We want them to like the new ones.”
Why? “Huxley’s
brave new world is above all a superficial world." Kimball explains. "People are encouraged to like what is new, to live in the
moment, because that makes them less complicated and more pliable.” Sensation is important, not substance
(Dillard addresses this in The Writing
Life: “the life of sensation
demands more and more”), and “experience is increasingly vivid but decreasingly
real. The question of meaning is
deliberately short-circuited.” As
the Controller explains, “They [experiences] mean themselves; they mean a lot
of agreeable sensations to the audience.”
“In part,” Kimball writes, “the attack on permanence is an
attack on the idea that anything possesses inherent value.”

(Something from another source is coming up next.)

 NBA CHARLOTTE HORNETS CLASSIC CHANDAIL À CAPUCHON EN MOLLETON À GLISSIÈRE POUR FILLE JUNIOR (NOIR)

On the increasingly profane and crude displays in much of what
passes for art these days, Kimball notes, “Hardly anyone is shocked anymore,
but that is a testament not to public enlightenment but to widespread moral
anesthesia.” (He also quotes
Chesterton as one of his chapter epigraphs: “Do not be proud of the fact that your grandmother was
shocked at something which you are accustomed to seeing or hearing without
being shocked. . . . It may be that your grandmother was an extremely lively
and vital animal, and that you are a paralytic.”)
On technology:
“Welcome to the information age.
Data, data, everywhere, but no one knows a thing.” Information is not knowledge. We might be able to find information at
the click of a mouse, but this comes with “a great temptation”: “to confuse an excellent
means of communication with communication that is excellent. We confuse, that is to say, process
with product. As the critic David
Guaspari memorably put it, ‘comparing information and knowledge is like asking
whether the fatness of a pig is more or less green than the designated hitter’s
rule.’ Oops.”
“The problem with computers is not the worlds they give us
instant access to but the world they encourage us to neglect.” The issue is not so much the
developments of the “digital revolution” as “the effect of such developments on
our moral and imaginative life, and even our cognitive and political
life.” (Note, please, he does not say technology is evil!)

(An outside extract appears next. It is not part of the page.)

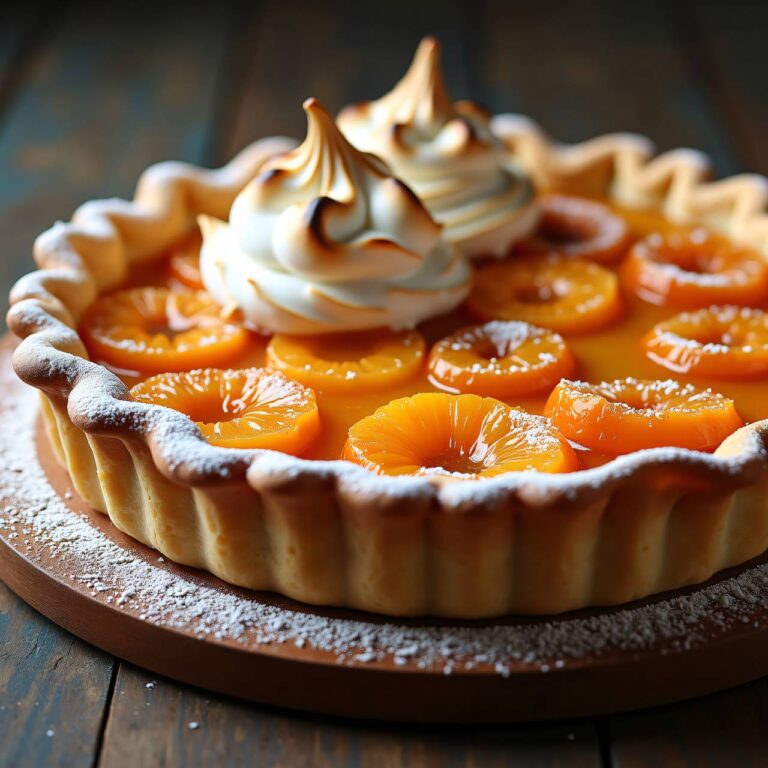 Aprikosen-Pie mit Meringue-Crème-fraîche Rezept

On close and careful reading: why memorize when quotations are instantly available? “One reason, of course, is that a
passage memorized is a passage internalized: it becomes part of the mental sustenance of the soul.”

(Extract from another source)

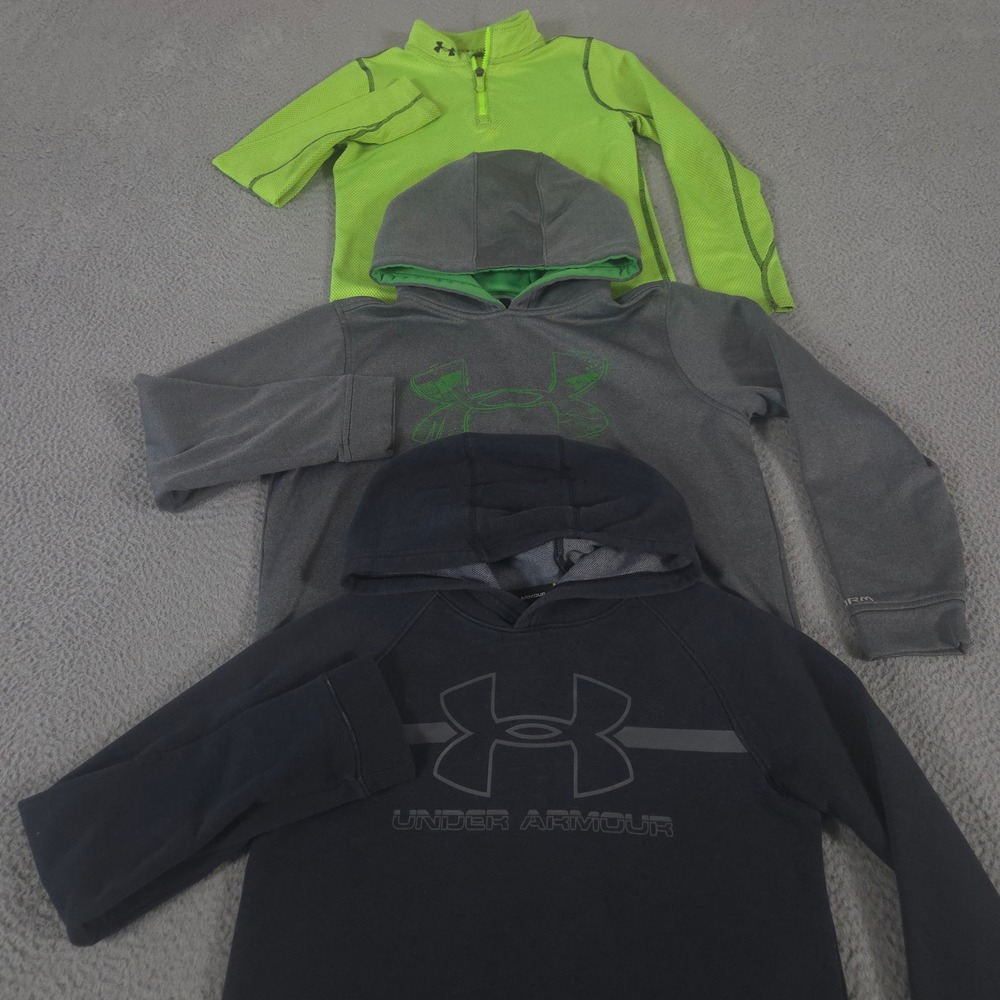 LOT OF 3 Under Armour Pullover Kids YLG Multi ColdGear Grid Armour Fleece Hoodie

He quotes Henry Kissinger at length: “Reading books requires you to form
concepts, to train your mind to relationships. You have to come to grips with who you are. A leader needs these qualities. But now we learn from fragments of
facts. A book is a large
intellectual construction. You
have to struggle mentally to internalize it. Now there is no need to internalize because each fact can
instantly be called up on the computer. There is no context, no motive. Information is not knowledge. People are not readers but researchers,
they float on the surface. This
new thinking erases context.”
Artists, your work is important, now, today, despite the
chaos that threatens. Kimball
quotes from C. S. Lewis on the idea that we must wait for “normal” life to
engage in cultural pursuits:
“Plausible reasons have never been lacking for putting off all merely
cultural activities until some imminent danger has been averted or some crying
injustice put right. But humanity
long ago chose to neglect those plausible reasons. They wanted knowledge and beauty now, and would not wait for
the suitable moment that never comes. [. . .] They propound
mathematical theorems in beleaguered cities, conduct metaphysical arguments in
condemned cells, make jokes on scaffolds, discuss the latest new poem while
advancing to the walls of Quebec, and comb their hair at Thermopoylae. This is not panache; this is our
nature.”
“Lewis’s meditation,” Kimball writes, “reminds us that
culture, and the humanity that defines it, is constantly under threat. No achievement may be taken for
granted; yesterday’s gain may be tomorrow’s loss; permanent values require
permanent vigilance and permanent renewal.”